Russia has summoned the Polish envoy in Moscow to protest against a ban on Russian bikers from entering Poland as part of World War Two commemorations.
Russia’s foreign ministry said it was a “cynical” move aimed at deliberately harming bilateral ties.
Poland said it acted to ensure “the protection of public order”.
The bikers – including the pro-Kremlin Night Wolves group – want to ride through Poland as part of a Moscow-Berlin trip to mark the end of WW2.
In a statement (in Russian), the Russian foreign ministry said Warsaw’s decision “mocked the memory of those killed fighting against fascism” during the war.
Its response comes a day after the Polish side notified Moscow about the ban in a brief statement (in Polish).

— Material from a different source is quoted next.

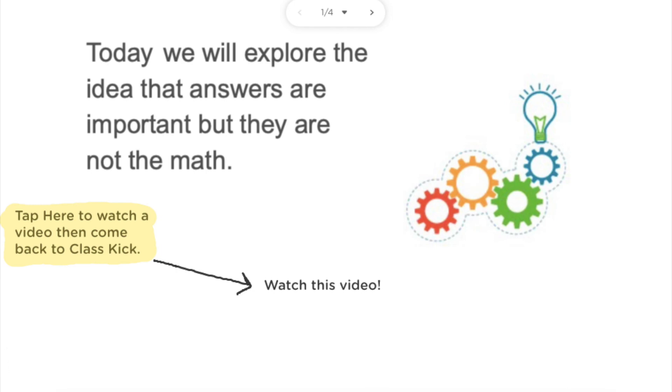Now that you're done watching this video, go back to ClassKick and begin your work.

Last year, Poland refused entry to a similar Russian motorcycle rally. However, a number of bikers then managed to get into the country.
Night Wolves leaders Aleksandr Zaldostanov again pledged that his bikers would be in Berlin on 9 May to raise their Victory flag there.
The planned 6,000km (3,720 mile) road trip would take them through Russia, Belarus, Poland, the Czech Republic, Slovakia and Austria, before reaching the German capital.
The nationalist Night Wolves group has close links to Russian President Vladimir Putin, who has taken part in their rides.
The Night Wolves are subject to US sanctions for alleged active involvement in Russia’s annexation of Crimea from Ukraine in 2014 and for helping to recruit separatist fighters for Russian-backed rebels in eastern Ukraine.
Relations between Poland and Russia are currently difficult, the BBC’s Adam Easton in Warsaw reports.
Poland has strongly criticised Russia’s actions in Ukraine in recent years.
The previous Polish government called last year’s planned motorcycle rally a deliberate provocation by the Kremlin, and more than 10,000 Poles signed up to a petition against it on social media, our correspondent says.
In recent months, Moscow has also complained to Warsaw about the dismantling in Poland of several WW2 Red Army memorials.